This is from the the delightful Irish organic website that Prof Trewavas threatened to sue into oblivion if they didn't retract a piece that referred to him as 'The Lying Professor'. They didn't retract.
...
http://www.planorganic.com/news&comment.htm
21th August 2002
Monsanto Wound Up

Poor Monsanto, they are getting very wound up these days. Nobody loves them anymore. Not even their own parent company, gigantic Pharmacia, who have just spun off their holdings of the wobbly ABC (Ag Biotech Corp) to shareholders.

Chief Executive Hendrik Verfaillie said, in perhaps the understatement of the week, that Monsanto needed to be  more transparent about its growth assumptions; "We are assuming no progress in Europe until 2005."

Profits for 2002 are predicted to be down by over 30%. Monsanto Ireland head, Paddy Riley (interview RTE Radio 1, 21st August) said that sales of GM seeds in Europe  were 'lagging'. He went on to say, that this is due to political considerations and not because of any inherent problems with the technology. Of course! Europe is so backward in not accepting this feed-the-world technology.

We Europeans are such an ungrateful lot of pinkos! And now our Luddism, so they tell us, is causing  African countries to refuse GM grain aid. Zambia has just joined Zimbabwe and Mozambique in refusing the 'poisoned  chalice' (NGIN) of the ABCs offerings.
 
Sales of Monsanto's billion-dollar-earner weedkiller Roundup could be crucial in deciding the future fate of the  GM-pushing corporation. A blip in the progress of Roundup Ready GM crops could cause sales of the herbicide to dive. On top of that, the patent on Roundup, their best-selling brand accounting for almost 45% of revenues, has just expired in the US.
 
And other prospects for the GM industry are looking decidely shaky these days too as the activism of anti-GM protesters seems finally to be seeping through to major policy makers.   Michael Meacher, British AgMin, said on Monday that "Britain would not be 'bounced' into accepting GM crops by the US".

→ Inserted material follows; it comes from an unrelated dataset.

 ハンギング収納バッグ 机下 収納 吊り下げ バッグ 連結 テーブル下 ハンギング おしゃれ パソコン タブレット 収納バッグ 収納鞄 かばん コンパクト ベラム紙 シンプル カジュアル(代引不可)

Another British AgMin (yes, there are multiple AgMins in Britain - Margaret Beckett is the top-of-the-pile senior one) Elliot Morley also said this week: "There is enormous international pressure to allow GM crops and seeds into this country from the biotech companies.They are going through national govs and the WTO and pressuring the EU " (and of course there is a trade war being threatened by the US unless we accept their GM products).

Brazil has stood up to the ABCs too and has imposed a moratorium on GM crops until 2005.

The scales have been lifted from their eyes, helped not a little by the unrelenting and intelligent activism of groups especially in the UK, Ireland and the rest of Europe. The report last week that GM crop trials in England were contaminated with unauthorised anti-biotic bearing genes was a further nail in Frankenfood's coffin.

It is heartening to see that at least some in the UK gov - and further afield - will no longer be the pushover they have allowed themselves to be to the political and economic influences of the increasingly desperate transnational ABCs.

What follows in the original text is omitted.